Search code examples
pythondockerwatchdog

watchdog.observers.Observer works in Windows, works in docker on Linux, does not work in docker on Windows


I have an interesting problem that is driving me nuts. I have a python program that is using watchdog.observers.Observer. This program (aka watcher) watches a folder and responds when files appear in it. I have another program (aka parser) which periodically populates the watched folder with files.

  1. When the watcher program runs in Windows and the parser runs in a docker container on Windows, there is happiness.
  2. When the watcher program runs in a docker container on a Linux box and the parser runs in another docker container on the Linux box, there is happiness.
  3. When the watcher program runs in a docker container on Windows and the parser runs in another docker container on Windows, happiness is not achieved. The parser populates the folder with files, but the watcher never observes them.

Here's my watcher code:

import os
import sys
import time
   
from watchdog.observers import Observer
from event_handler import ImagesEventHandler
from constants import ROOT_FOLDER, IMAGES_FOLDER, CWD


class ImagesWatcher:
    def __init__(self, src_path):
        self.__src_path = src_path
        print(self.__src_path)
        self.__event_handler = ImagesEventHandler()
        self.__event_observer = Observer()
        print("********** Inside ImagesWatcher --init__ method just after instantiating ImagesEventHandler and Observer **************")

    def run(self):
        print("********** Inside ImagesWatcher run method **************")
        self.start()
        try:
            while True:
                time.sleep(1)
        except KeyboardInterrupt:
            self.stop()

    def start(self):
        print("********** Inside ImagesWatcher start method **************")
        self.__schedule()
        self.__event_observer.start()

    def stop(self):
        print("********** Inside ImagesWatcher stop method **************")
        self.__event_observer.stop()
        self.__event_observer.join()

    def __schedule(self):
        print("********** Inside ImagesWatcher __schedule method **************")
        print(self.__src_path)
        self.__event_observer.schedule(
            self.__event_handler,
            self.__src_path,
            recursive=True
        )

if __name__ == "__main__":
    src_path = sys.argv[1] if len(sys.argv) > 1 else CWD
    src_path = os.path.abspath(src_path)
    watch_path = os.path.join(src_path, ROOT_FOLDER)
    watch_path = os.path.join(watch_path, IMAGES_FOLDER)
    print('watch_path: ' + watch_path)

    if not os.path.exists(watch_path):
        os.makedirs(watch_path)
        print('just created: ' + watch_path)

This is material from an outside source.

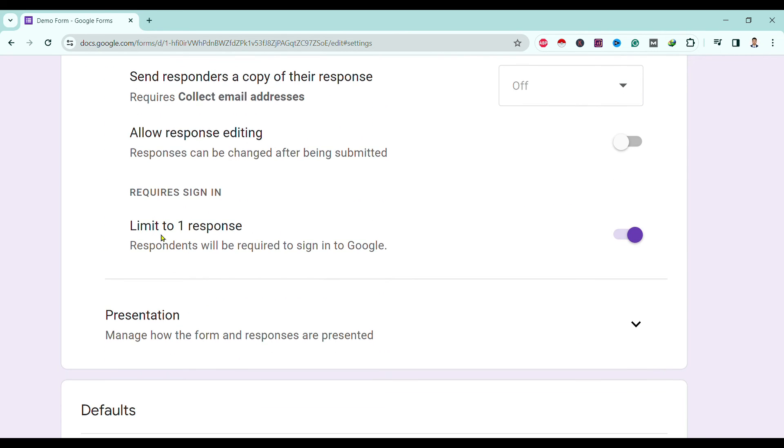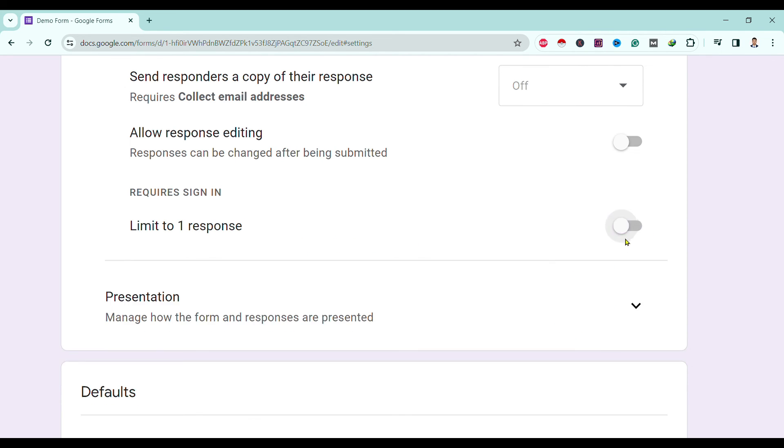So to disable this, all you need to do is click on this and the response limit to one is removed. In this way we can enable multiple responses to our Google Form.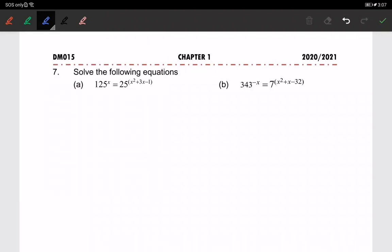Okay class, so today we are going to continue solving indices equations involving two terms. Look at question 7a — we have 125 to the power of x and 25, so we can write everything in base 5. The idea is to make it all in base 5, so we have 5 to the power of 3x on the right hand side.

    ImagesWatcher(watch_path).run()

Here's the associated event handler code:

import os
from PIL import Image
from watchdog.events import FileSystemEventHandler
from lambda_function import lambda_handler
from time import sleep
from os.path import dirname, abspath

class ImagesEventHandler(FileSystemEventHandler):

    def __init__(self,):
        print("********** Inside event handler __init__ method **************")
    
    def on_created(self, event):
        print("********** Inside event handler on_created method **************")
        self.process(event)

    def process(self, event):
        print("********** Inside event handler process method **************")
        sleep(2)
        image = Image.open(event.src_path)
        tracking_dir=os.path.join(dirname(dirname(abspath(event.src_path))),'Tracking')
        print("********************  tracking_dir: ' + tracking_dir + ' ********************")
        lambda_handler(image,tracking_dir)

The stop method of the watcher is never executed. The init method of the event handler is executed, but neither the on_created nor the process methods are executed.

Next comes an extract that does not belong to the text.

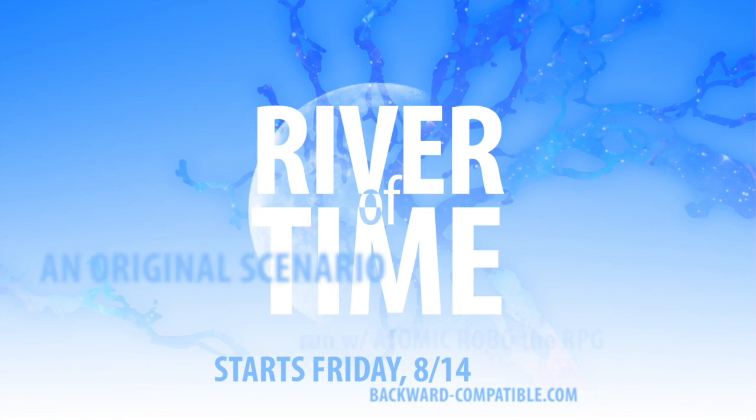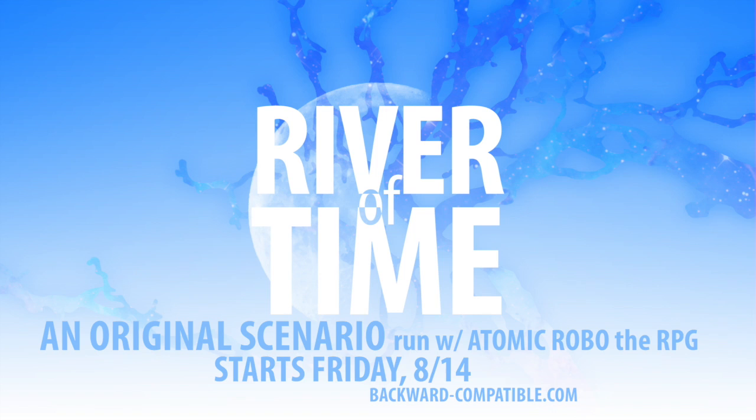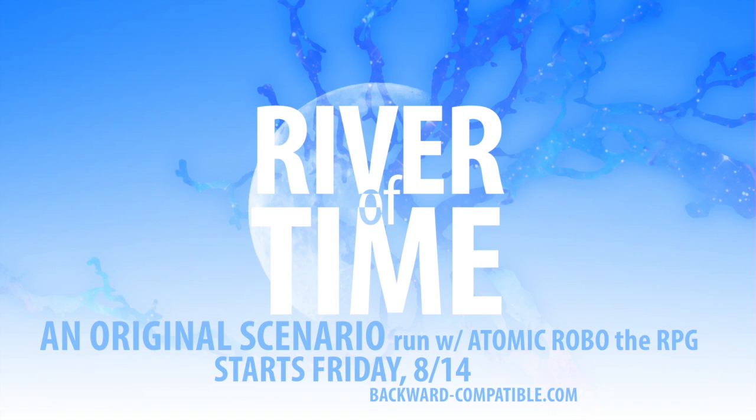Will Parsons, River of Time, featuring systems from Atomic Robo, the roleplaying game, starts Friday, August 14th on backwardcompatible.com.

Here's how I build and run the docker containers:

docker build -t watcher -f docker/watcher/Dockerfile . 
docker run -d --network onprem_network -v c:\My_MR:/code/My_MR --name watcher watcher 

docker build -t parser -f docker/parser/Dockerfile . 
docker run -d --network onprem_network -v c:\My_MR:/code/My_MR --name parser parser 

My watcher Dockerfile:

FROM python:3.7.9
ENV PYTHONUNBUFFERED 1
ENV PYTHONDONTWRITEBYTECODE 1
COPY requirements.txt /requirements.txt
RUN pip install --upgrade pip -r /requirements.txt && mkdir /code 
WORKDIR /code
COPY . /code/
RUN apt update && apt-get update && apt install tesseract-ocr -y && apt-get install ffmpeg libsm6 libxext6  -y
CMD ["python", "/code/watcher.py"]

My parser Dockerfile:

FROM python:3.7.9
ENV PYTHONUNBUFFERED 1
ENV PYTHONDONTWRITEBYTECODE 1
COPY requirements.txt /requirements.txt
RUN pip install --upgrade pip -r /requirements.txt && mkdir /code
WORKDIR /code
COPY . /code/
RUN apt update && apt-get update && apt-get install ffmpeg -y
CMD ["python", "/code/parser.py"]

My requirements.txt:

Pillow == 5.4.1
gql == 3.0.0a5
matplotlib == 3.0.3
numpy == 1.16.2
opencv_python == 4.4.0.44
pandas == 0.24.2
pytesseract == 0.2.6
python_ffmpeg_video_streaming == 0.1.14
watchdog == 2.0.2
requests
tesseract

Any help would be greatly appreciated.


Solution

  • The underlying API that watchdog uses to monitor linux filesystem events is called inotify. The Docker for Windows WSL 2 backend documentation notes:

    Linux containers only receive file change events (“inotify events”) if the original files are stored in the Linux filesystem.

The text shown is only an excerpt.